🤖 AI Summary
This work addresses the challenge of generating high-fidelity, temporally coherent dynamic 4D content from a single input image. We propose a novel framework integrating multi-view synthesis with deformable 4D Gaussian Splatting (4D GS). Our core innovation is a lightweight image-matrix module that jointly models spatiotemporal consistency, enabling smooth temporal deformation of 3D Gaussian point clouds and effectively mitigating motion discontinuities and background degradation. To enhance geometric accuracy and visual realism, we introduce CLIP-guided semantic constraints alongside joint PSNR/FVD optimization. Evaluated on the Objaverse dataset, our method achieves state-of-the-art performance across CLIP-I, PSNR, and FVD metrics. It significantly reduces flickering artifacts, preserves fine structural details, and improves inference efficiency compared to existing approaches.
📝 Abstract
Advances in generative modeling have significantly enhanced digital content creation, extending from 2D images to complex 3D and 4D scenes.
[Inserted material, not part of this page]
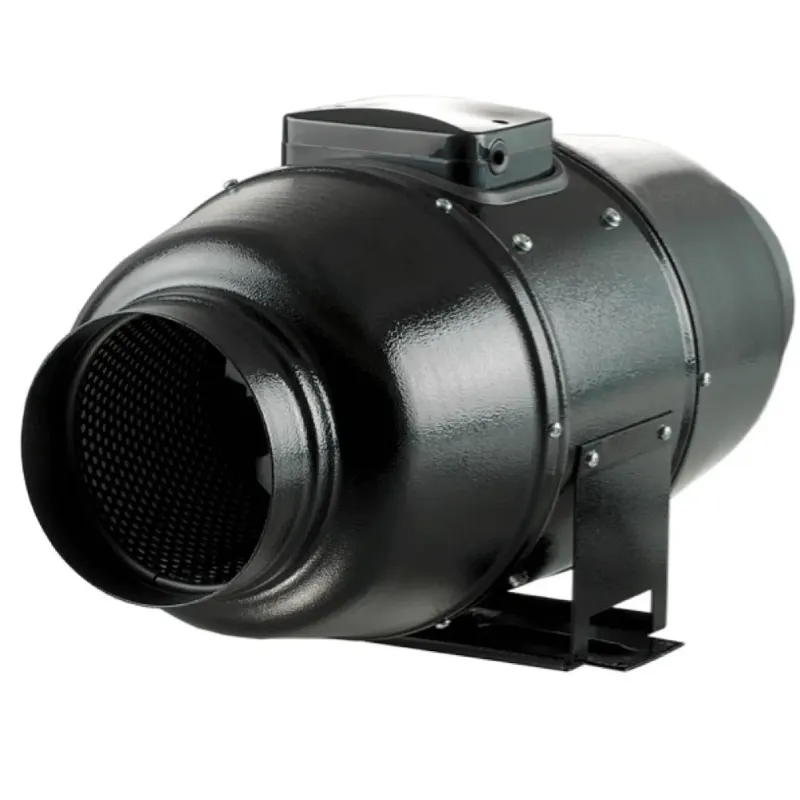 Duka Kanalventilator 100 Silent - Duka 637501924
Despite substantial progress, producing high-fidelity and temporally consistent dynamic 4D content remains a challenge. In this paper, we propose MVG4D, a novel framework that generates dynamic 4D content from a single still image by combining multi-view synthesis with 4D Gaussian Splatting (4D GS). At its core, MVG4D employs an image matrix module that synthesizes temporally coherent and spatially diverse multi-view images, providing rich supervisory signals for downstream 3D and 4D reconstruction. These multi-view images are used to optimize a 3D Gaussian point cloud, which is further extended into the temporal domain via a lightweight deformation network. Our method effectively enhances temporal consistency, geometric fidelity, and visual realism, addressing key challenges in motion discontinuity and background degradation that affect prior 4D GS-based methods. Extensive experiments on the Objaverse dataset demonstrate that MVG4D outperforms state-of-the-art baselines in CLIP-I, PSNR, FVD, and time efficiency. Notably, it reduces flickering artifacts and sharpens structural details across views and time, enabling more immersive AR/VR experiences. MVG4D sets a new direction for efficient and controllable 4D generation from minimal inputs.